Los Bermejos works with 350 grape growers who supply more than 800,000 kg of grapes each year, although there are large variations in production depending on the vintage. Together with Bodegas El Grifo, just two kilometres away, Los Bermejos is the largest wine producer on the island.
The main variety they work with is the indigenous Malvasía Volcánica, a spontaneous cross between Malvasía Aromática and Bermejuela. According to Ignacio Valdera, partner and winemaker at Los Bermejos, Malvasía Volcánica has less aromas but it richer than the Aromática on the palate.

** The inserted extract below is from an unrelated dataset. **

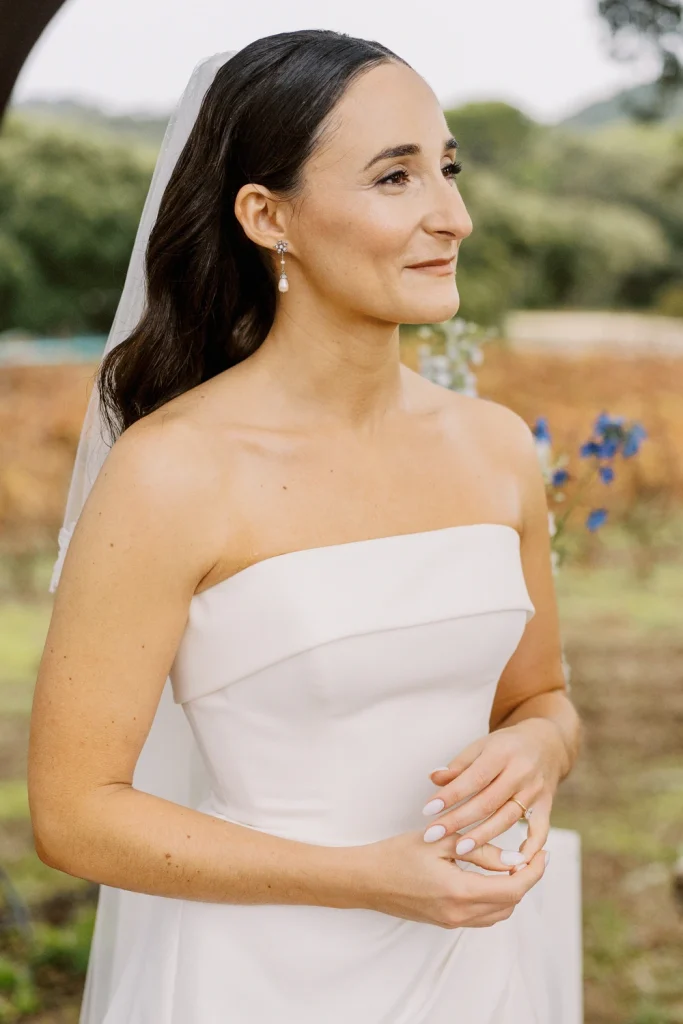 A bride and groom share a romantic kiss under a tree, surrounded by floral arrangements, with a vineyard landscape in the background.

Los Bermejos owns some vineyards, although they only represent 10% of its production, with yields that do not exceed 1,000kg/Ha in the vineyards cultivated in holes in La Geria and covered with rofe, the volcanic ash that emerged after the eruptions of 1730-1736. It is a porous soil, which drains well the barely 150 litres/m2 of annual rainfall. On this semi-desert island, the harvest usually begins in July —the first place in the northern hemisphere— and the rofe maintains humidity on the fertile soil buried under the ash.

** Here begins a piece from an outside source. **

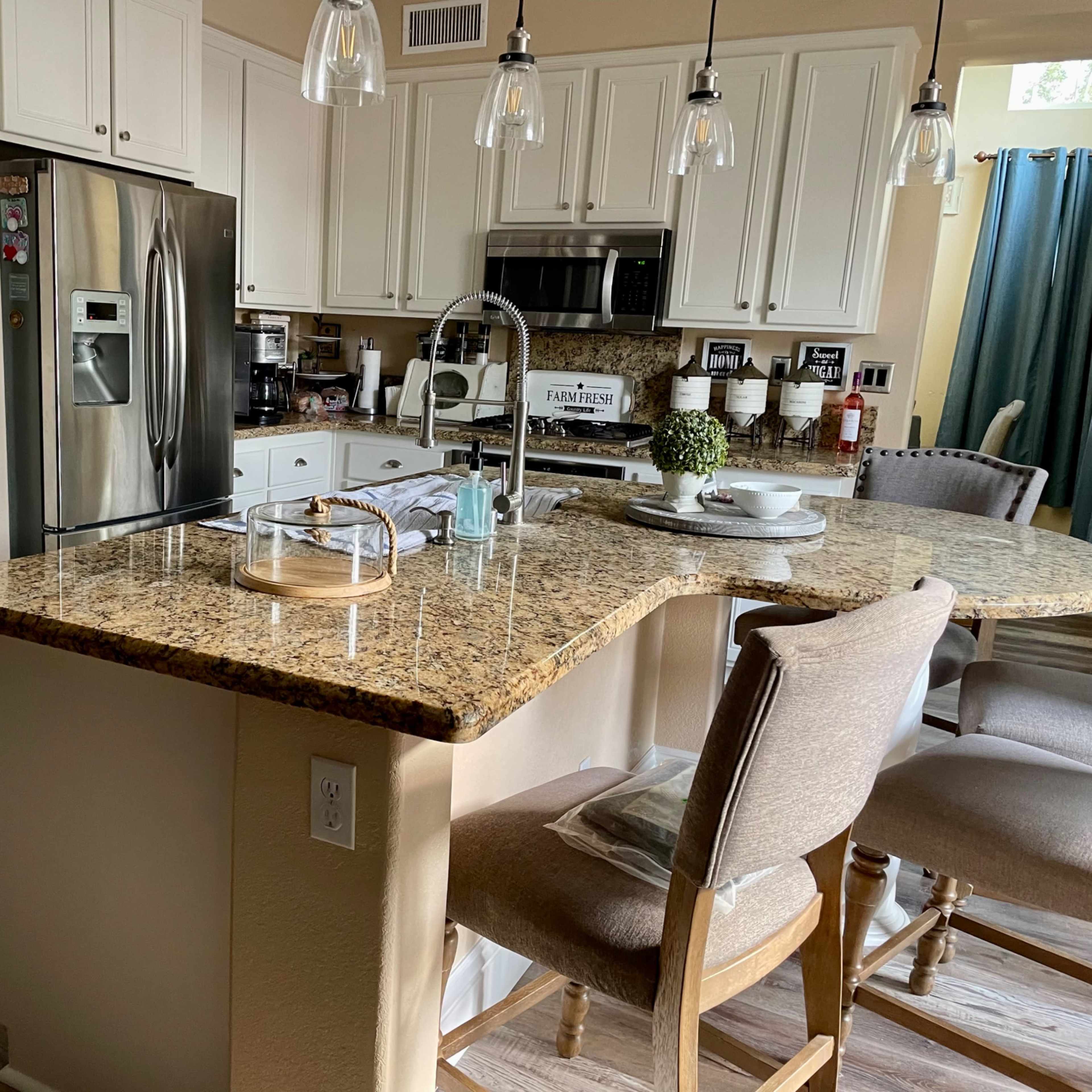 A modern kitchen with white cabinets, stainless steel appliances, a granite countertop, and bar stools.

Fourteen different wines are made in Los Bermejos, but 60% of the production corresponds to its star wine, Bermejo Malvasía Seco. The 200,000-300,000 bottles are sold almost entirely in the Canary Islands, with just 10% in the United States and another 10% on the peninsula. It is a wine with fruity and floral aromas, lighter than Bermejo Malvasía Seco Fermentado en Barrica (4,000 bottles). The estate's second best-selling wine is Bermejo Malvasía Semidulce, with 5% Moscatel (70,000-80,000 bottles). The sparkling Malvasía Brut Nature (6,000 bottles), whose second fermentation is carried out by adding fresh Malvasía must, and the Bermejo Naturalmente Dulce (5,000 bottles), made with grapes from late harvests and whose ageing is done in a kind of solera (only 20% of each barrel is drawn out on each saca since 2005), complete the range of Malvasías made by this bodega in Lanzarote.

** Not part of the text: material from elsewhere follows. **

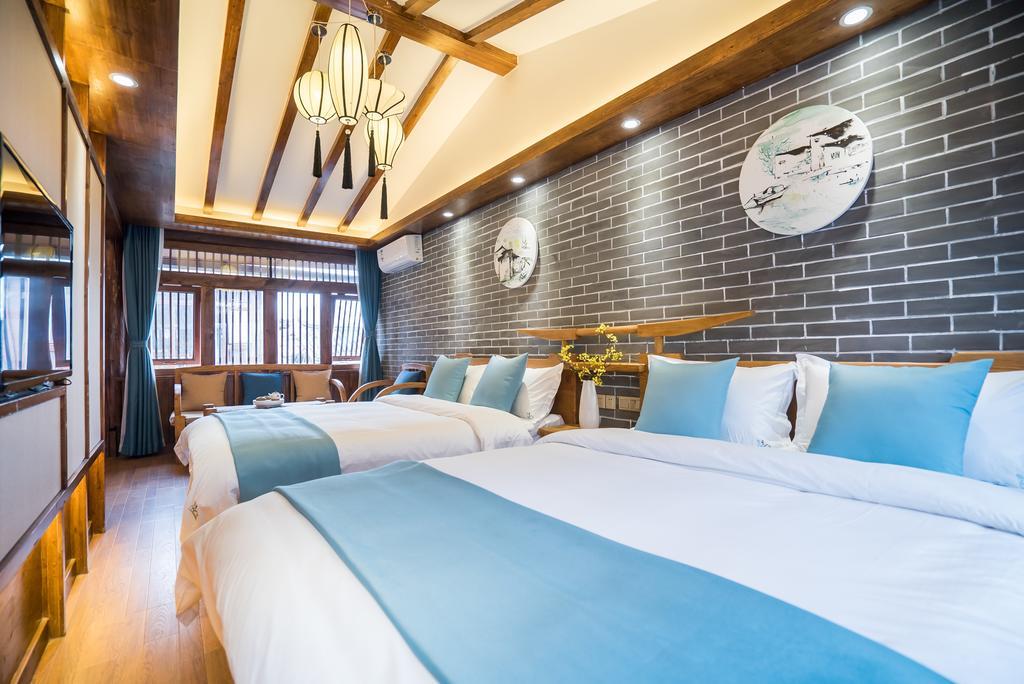 Lijiang Yue Tu Inn المظهر الخارجي الصورة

Three wines are made with Listán Negro: the sparkling Bermejo Rosado Brut Nature with 24 months ageing on lees (7,000 bottles), Bermejo Carbonic Maceration (20,000 bottles) and Bermejo Traditional Maceration (20,000 bottles) aged in barrels for four months.
Los Bermejos is committed to the production of organic wines with the Diego variety (known as Vijariego in other islands of the archipelago). Each vineyard and area is vinified separately and they work with selected yeasts and without clarification. Two versions of the Diego variety were marketed in 2015: an organic wine from a vineyard in Juan Bello (citrus, white flowers) and a conventionally produced wine (more tropical notes). Both were released again in the 2018 harvest with a short time in barrel (15,000 bottles).
Finally, Bermejo Moscatel Naturalmente Dulce is made in a solera system and is sold with the vintage (2,000 bottles).
In order to stand out from the competition, all wines, except the estate's sparkling wines, are sold in a distinctive bottle reminiscent of perfume or oil that was patented in Italy. Since their production reached a substantial volume, the bottle is produced in the Canary Islands. What remains unchanged in all the wines, at least in the winery's online shop, is the price (€17.50 when 12 bottles are purchased).
The winery accepts visits with prior reservation and wines can be purchased in a small shop in the winery.